不愿接受皇帝赏赐,臣民可以表谢绝。李玫《纂异记·徐玄之》马知玄的儿子蜓诣宫门进表,“伏奉恩制云:‘马知玄有殷王子比千之忠贞,有魏中尉辛毗之谏诤。而我亟以用已,昧于知人……今臣岂可因亡父之诛戮,冒国家之宠荣。报平王既非本心,劝伯禹亦非素志。况今天图将变,历数堪忧。伏乞斥臣遐方,免逢丧乱”。蜓上表是为了辞谢,为了避免惹怒皇帝,以“伏奉恩制云”起首,格式规范。升官本是一件喜事,蜓却加以拒绝。他的理由很充分,亡父一身正气,不能以亡父的冤死获得官位。另从天象来看,国家即将倾覆,官职已经没有任何意义。后来,蚍蜉国的命运果如表文所预言。
综上所述,表作为一种上行公文,风格典雅,写作格式严谨、规范。无论出于何种目的上表,表文必须清晰明白地体现自己的意图。东汉蔡邕《独断》详述了表的写作格式、文体功用:“表者,不需头上言臣某言,下言臣某诚惶诚恐稽首顿首死罪死罪,左方下附曰某官臣某甲上。文多用编两行,文少以五行。诣尚书通者也,公卿校尉诸将不言姓,大夫以下有同姓官别者言姓。章口报闻公卿,使谒者将大夫以下至吏民,尚书左丞奏闻报可,表文报已奏如书。凡章表皆启封,其言密事得帛囊盛。”[28]表文不像奏、章等公文,形式相对自由。
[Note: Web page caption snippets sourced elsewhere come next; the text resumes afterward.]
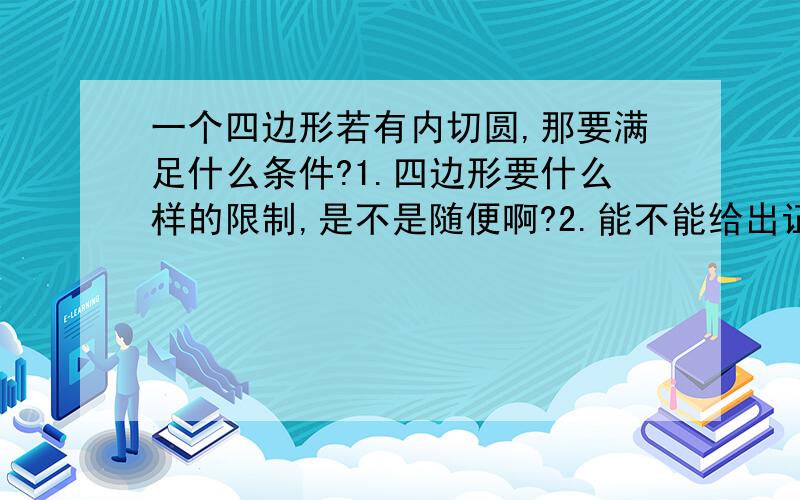 一个四边形若有内切圆,那要满足什么条件?1.四边形要什么样的限制,是不是随便啊?2.能不能给出证明啊,谢了^_^那要是这个四边形是平行四边形呢????那它还要满足什么条件吧????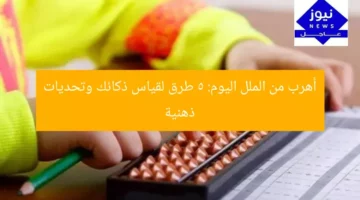 أهرب من الملل اليوم: 5 طرق لقياس ذكائك وتحديات ذهنية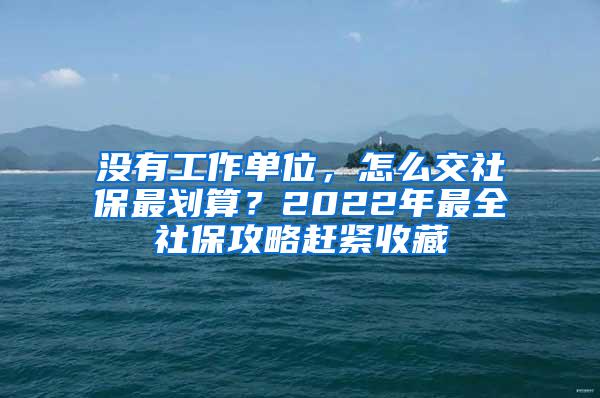 没有工作单位，怎么交社保最划算？2022年最全社保攻略赶紧收藏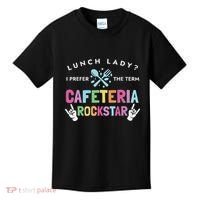 Lunch Lady I Prefer The Term Cafeteria Rockstar Lunch Lady Kids T-Shirt thumb 0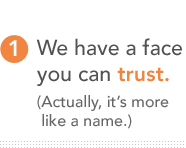We have a face you can trust. (Actually, it’s more like a name.)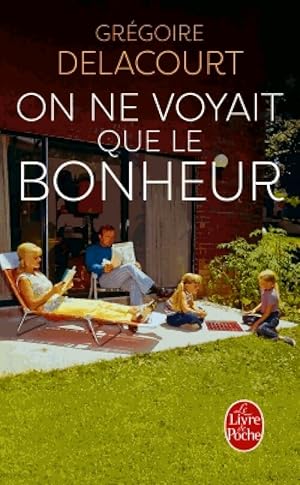 Image du vendeur pour On ne voyait que le bonheur - Gr?goire Delacourt mis en vente par Book Hmisphres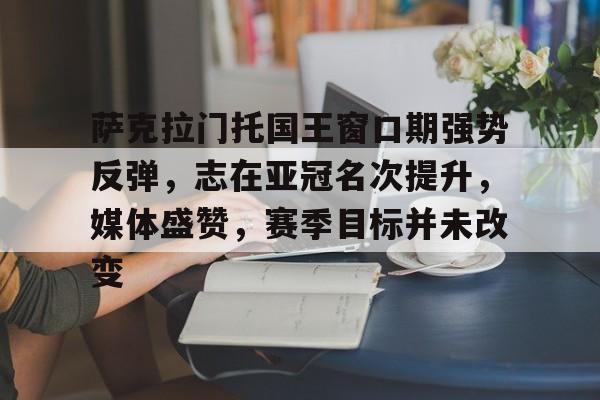 萨克拉门托国王窗口期强势反弹，志在亚冠名次提升，媒体盛赞，赛季目标并未改变的简单介绍
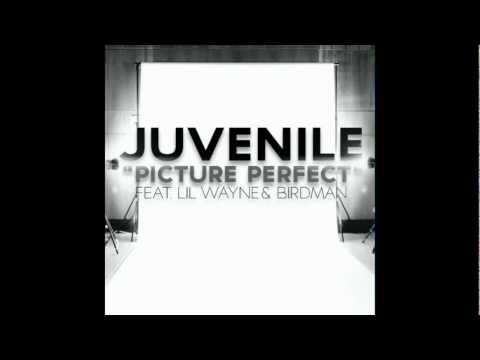 Juvenile - Picture Perfect Ft - Lil Wayne and Birdman CDQ/Dirty Lyrics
内容可长可短,视言说内容而定。如果涉及事件比较机密,为防止泄密,必须用帛囊密封。李充《翰林论》现存辑佚涉及“表”时特别指出:“表宜以远大为本,不以华藻为先。”[29]表文无需华丽的辞藻,实用性置于首位。而刘勰《文心雕龙》却强调文采对于表文的重要性:“原夫章表之为用也,所以对扬王庭,昭明心曲。既其身文,且亦国华。章以造阙,风矩应明;表以致禁,骨采宜耀。”[30]表进呈给皇帝,吐露心声、阐述政见时,既需要展示个人才华,也要体现个人风骨。“骨”、“采”兼顾的观念,影响了唐五代时期表文的制作。唐五代小说中的表文,很多都为士子精心结撰之作,即使从小说文本独立,也是一篇精美绝伦的佳作。《全唐文》中收录的不少表文,就源自唐五代小说。表文融入唐五代小说,呈现出阶段性严谨特征。唐初小说的表文数量较少,文字相对质朴;中晚唐,尤其是五代,表文数量逐渐增多,篇幅也明显变长。与此时期国家陷于危难动荡,政治题材不断涌现相关。唐五代小说家很多为朝廷官员,有些甚至身居要职。他们以小说描写现实,“补史之阙”,希望给统治者提供借鉴。